Broadband Cable Association of Pennsylvania


May 8, 2013

It has been almost two decades since @Home Network offered perhaps the first broadband plan in the country. It was right after the 1996 Telecommunications Act allowed cable companies to get into the business. Milo Medin, one of @Home's co-founders, still recalls the price of the pioneering service, offered to residents of Fremont, Calif.: $34.95 a month - $51.85 in today's money - for a maximum speed of 10 megabits per second. The memory inspires not a little frustration about the Internet's progress since then: 17 years after @Home plugged in its first customer, the residents of Kansas City pay Time Warner, their local cable company, $46.90 for a 3 Mbps connection and $55.40 for a top speed of 15 Mbps. "At that time the United States was a leader in broadband," Mr. Medin recalled. Today, he lamented, "I don't see anybody arguing that the U.S. is anything but mediocre." These days, Mr. Medin leads Google's effort to deploy superspeedy 1 gigabit-per-second networks - 100 times faster than the 10 Mbps plans @Home introduced long ago - in several cities around the country, starting in Kansas City last fall.

Most of the nation's innovation today relies on a broadband connection. Yet broadband seems to be the one area of the information economy that has not followed Moore's law, named after the proposition by Intel's co-founder Gordon Moore that the power of digital devices would roughly double every couple of years, radically expanding their capability and driving down their cost. "Internet access is constraining what people can do," Mr. Medin said. "This puts American companies at a disadvantage. It puts Google in a place where we can't innovate as well as we could." President Obama has made much of this deficit. In 2010 his administration introduced a National Broadband Plan that promised a path of rapid deployment of high-speed networks, offering 100 million households affordable access to connections of 100 Mbps or more. "We will not succeed by standing still, or even moving at our current pace," Julius Genachowski, Mr. Obama's first chairman of the Federal Communications Commission, told Congress at the time. Yet most Americans are still stuck in the Internet slow lane, far from the frontier of our possibilities. And the main roadblock remains much the same as it has been for years: a lack of competition.

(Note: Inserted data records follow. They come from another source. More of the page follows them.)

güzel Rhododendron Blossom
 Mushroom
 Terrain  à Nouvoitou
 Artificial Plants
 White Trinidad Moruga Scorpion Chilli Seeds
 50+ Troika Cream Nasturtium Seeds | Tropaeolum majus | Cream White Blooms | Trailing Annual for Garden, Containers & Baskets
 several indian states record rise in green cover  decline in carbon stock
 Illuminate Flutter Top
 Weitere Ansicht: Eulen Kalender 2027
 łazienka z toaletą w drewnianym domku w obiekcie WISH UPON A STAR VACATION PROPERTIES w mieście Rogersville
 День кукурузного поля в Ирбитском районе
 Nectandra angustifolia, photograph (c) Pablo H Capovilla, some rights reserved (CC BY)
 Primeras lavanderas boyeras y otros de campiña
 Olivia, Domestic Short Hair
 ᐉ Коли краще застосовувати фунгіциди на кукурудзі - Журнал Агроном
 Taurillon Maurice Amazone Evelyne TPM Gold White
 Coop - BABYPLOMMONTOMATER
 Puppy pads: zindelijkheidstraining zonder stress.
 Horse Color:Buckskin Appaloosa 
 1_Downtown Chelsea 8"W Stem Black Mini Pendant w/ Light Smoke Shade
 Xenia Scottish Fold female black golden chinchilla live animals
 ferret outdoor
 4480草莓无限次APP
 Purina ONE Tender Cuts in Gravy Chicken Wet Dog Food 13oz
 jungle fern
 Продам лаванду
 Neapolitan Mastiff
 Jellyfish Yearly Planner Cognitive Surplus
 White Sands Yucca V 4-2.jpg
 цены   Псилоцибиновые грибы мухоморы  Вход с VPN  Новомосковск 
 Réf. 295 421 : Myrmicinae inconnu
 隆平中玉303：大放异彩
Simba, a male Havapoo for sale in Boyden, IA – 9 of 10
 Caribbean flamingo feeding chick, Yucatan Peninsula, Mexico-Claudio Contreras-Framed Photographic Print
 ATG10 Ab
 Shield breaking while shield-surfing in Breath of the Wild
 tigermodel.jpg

Last week, President Obama nominated Tom Wheeler, a veteran lobbyist for the telecommunications industry, to succeed Mr. Genachowski. He has his job cut out for him: achieving fast universal broadband requires figuring out how to shake up the oligopolies that run the nation's high-speed Internet. There has been progress lately. The F.C.C. points out that more fiber-optic cable has been laid in the United States than in Europe in the last two years. According to Akamai, the nation's average broadband download speed is about 7.4 Mbps per second, about twice as fast as it was two years ago. This puts the nation in eighth place in the world, up from 22nd in 2009.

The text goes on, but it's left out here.